_Task description_:
When you reach the line that contains "Miami: City Bus", begin copying exactly, and continue through the last line of the data; no pictures belong in the copy.

+++

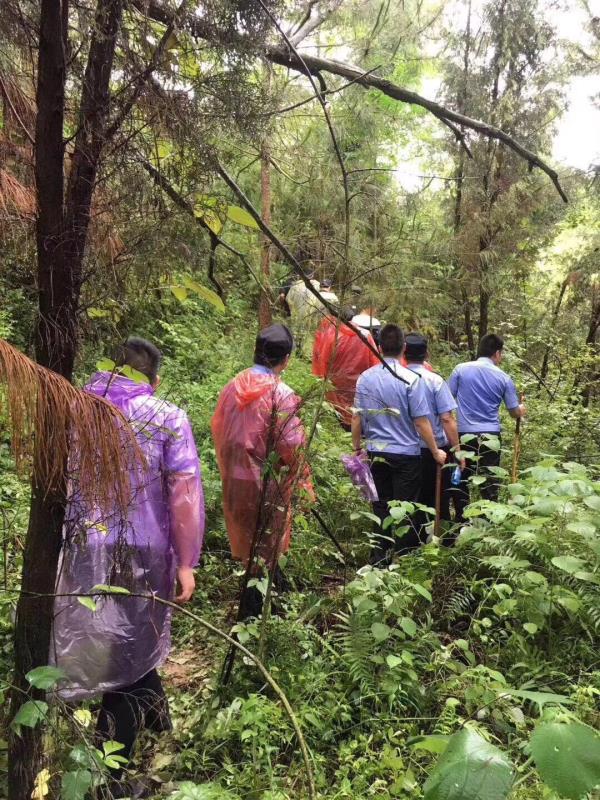 嫌犯张居迁5天杀5人案发后，邵阳警方调用1800余警力设卡、搜山。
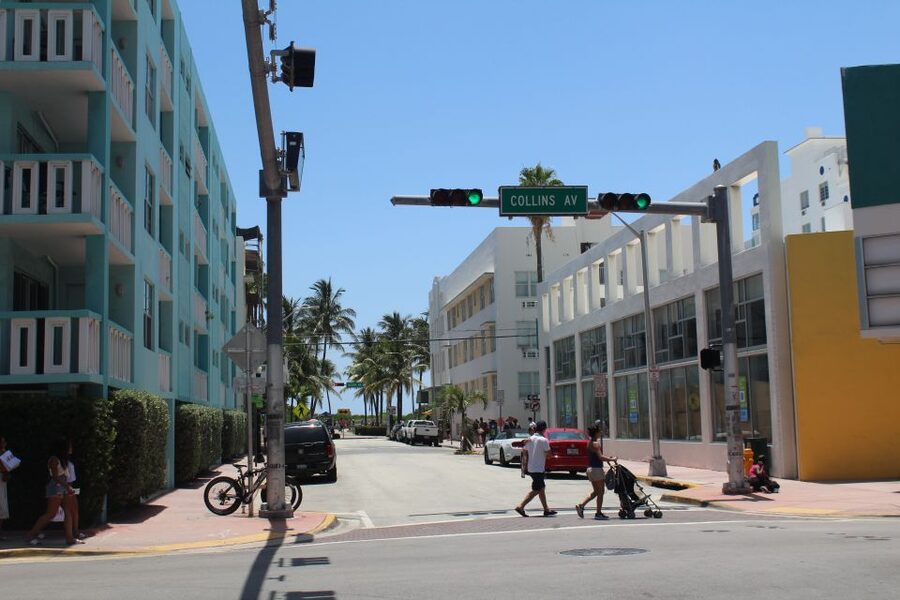 Miami: City Bus Tour with Downtown or Miami Beach Pickup - Bayside Marketplace and Miami’s waterfront
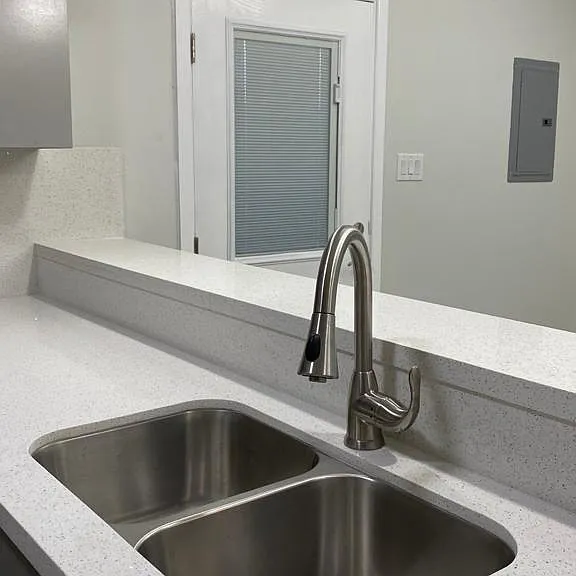 4713 Magnolia Ave — Photo 3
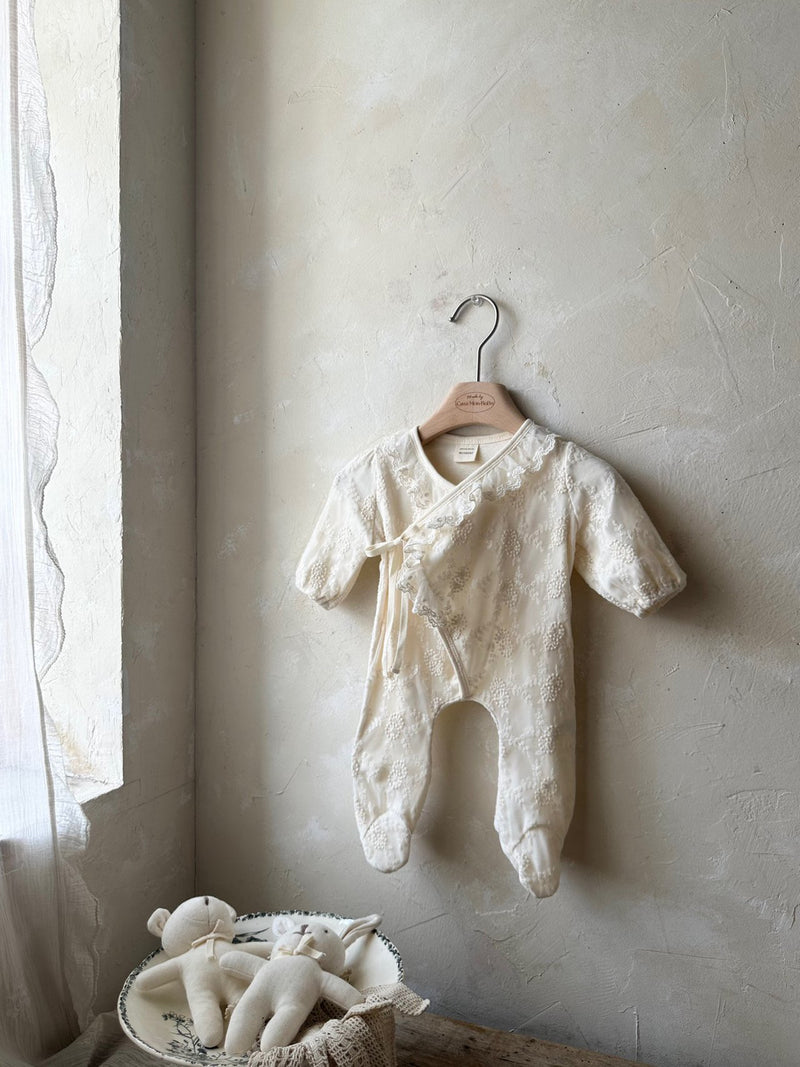 Monbebe Lace Cosy Suits from Newborn size_2Colours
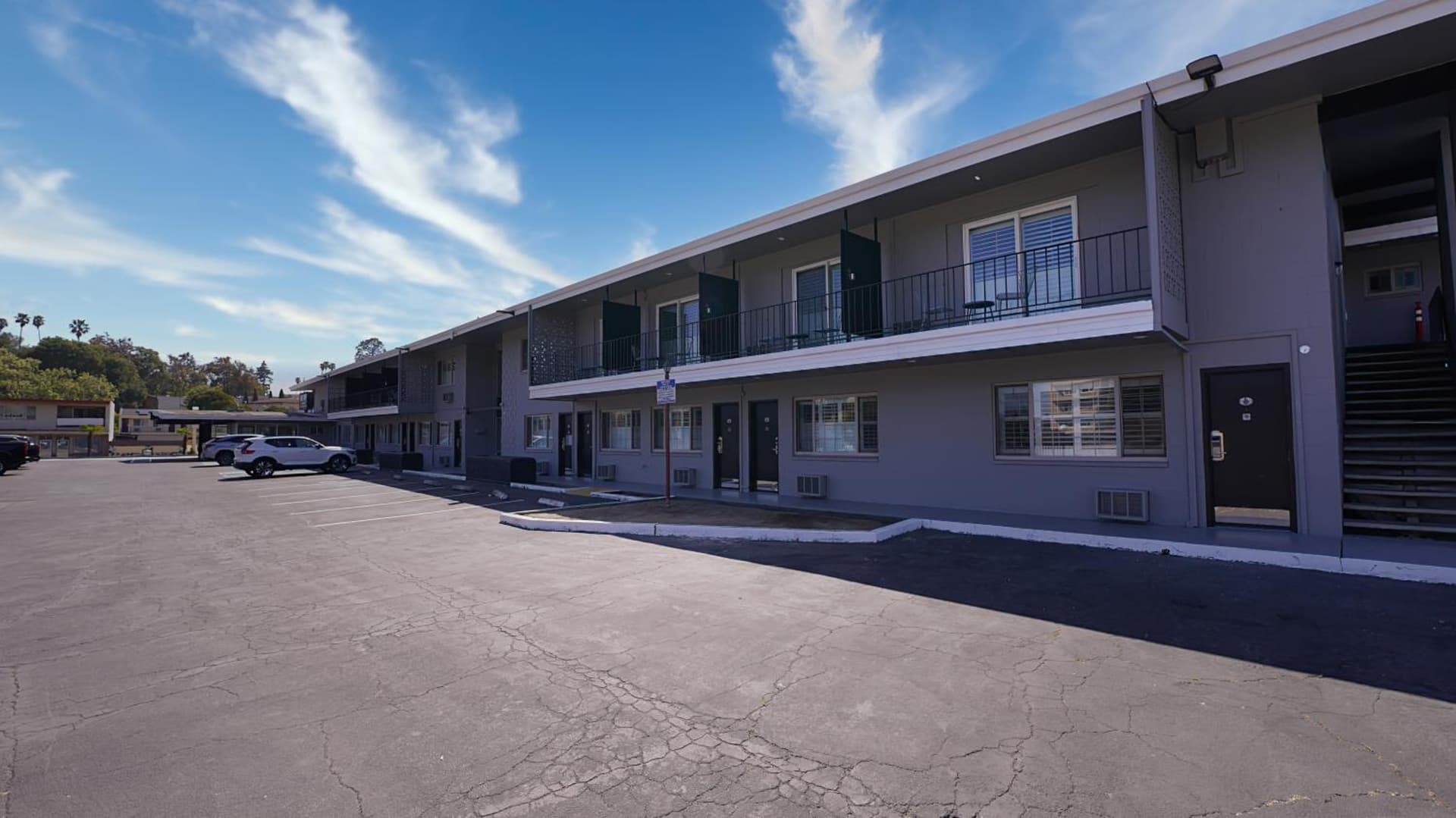 SeaSide Inn & Suites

+++

_Worked solution_:
 Miami: City Bus Tour with Downtown or Miami Beach Pickup - Bayside Marketplace and Miami’s waterfront
 4713 Magnolia Ave — Photo 3
 Monbebe Lace Cosy Suits from Newborn size_2Colours
 SeaSide Inn & Suites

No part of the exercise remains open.